Media outlets covered the exchange like it was a boxing match, with splashy, attention-getting, overused verbs like “roast,” “trolled” and “slams” in the headlines. But if you look behind the posturing, you’ll notice that both Bezos and the industry organization framed their putdowns of Biden’s tweet similarly: Bezos argued that high prices are a result of “basic market dynamics,” in which the free market sets the price, and the US Oil & Gas Association’s tweet implied that any Econ 101 student could understand that high prices are beyond the control of the companies setting the prices.

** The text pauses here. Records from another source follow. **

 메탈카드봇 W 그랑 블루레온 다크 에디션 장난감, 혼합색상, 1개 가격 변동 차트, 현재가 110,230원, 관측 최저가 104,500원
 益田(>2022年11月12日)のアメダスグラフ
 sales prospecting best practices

The market isn’t some all-powerful invisible hand
We often see politicians and wealthy people use “simple market forces” that anyone in “Econ 101” could understand as the reasoning for economic policies — like lower wages and corporate tax cuts — that benefit the wealthy at the expense of everyone else. But a growing body of evidence shows that tax cuts for wealthy people and corporations are bad for economic growth, and that raising the minimum wage has positive impacts for everyone. The market isn’t some all-powerful invisible hand that establishes prices, profits, and wages. CEOs, executives, and wealthy investors make those decisions — and those decisions typically benefit them at the expense of everyone else.

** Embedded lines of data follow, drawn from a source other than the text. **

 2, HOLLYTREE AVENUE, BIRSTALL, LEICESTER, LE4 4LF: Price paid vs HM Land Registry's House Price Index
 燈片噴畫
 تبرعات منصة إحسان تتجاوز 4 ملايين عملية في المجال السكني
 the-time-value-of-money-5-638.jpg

In this week’s episode of Pitchfork Economics, host Nick Hanauer explained that American corporate profits have spiked from 5 or 6% of GDP to just over 12 percent in the last year or so, nearing an all-time record. “That increase in corporate profits is not because it has to be, or needs to be, or should be. It’s because powerful people prefer it that way,” Hanauer said.
Bezos has mocked Biden’s recent suggestions that corporate greed, and not simple market forces, are responsible for higher prices. But a March survey of oil and gas executives from the Federal Reserve Bank of Dallas found that nearly 60% of respondents blamed “investor pressure to maintain capital discipline” as a reason why they weren’t drilling for more oil in order to increase supply and drive prices down. In other words, Wall Street loves the record profits that are the result of high gas and oil prices, and Big Oil doesn’t want to let Wall Street down — or slash their own extravagant bonuses — by taking any action to lower those prices.
So when you see wealthy people and corporations dunking on politicians to popular acclaim, it’s important to keep in mind who benefits from the policies being discussed. If the “market forces” we’re told are taught in “Econ 101” benefit the organizations making billions of dollars in profits while everyone else pays more to go on vacation or commute to work, chances are pretty good that’s not an immutable law in action — it’s just plain greed.
But if Biden expects Big Oil executives to feel shame and lower prices out of the kindness of their hearts, he’s going to be waiting for a very long time. Leaders need to take action to penalize price-gouging and corporate profiteering with smart policy. Congress is considering a bill that would tax Big Oil’s extraordinary profits and return that revenue to ordinary Americans in the form of quarterly checks. And California Governor Gavin Newsom recently signed legislation to send some 23 million Californians inflation-relief checks of up to $1050 to undercut some of the sting of high prices.
Whatever policy solution you prefer, it should be clear by now that simply tweeting about the problem won’t make it go away. It should also be clear that when powerful people invoke the free market as an excuse for high prices, they don’t necessarily have the best interests of most Americans at heart.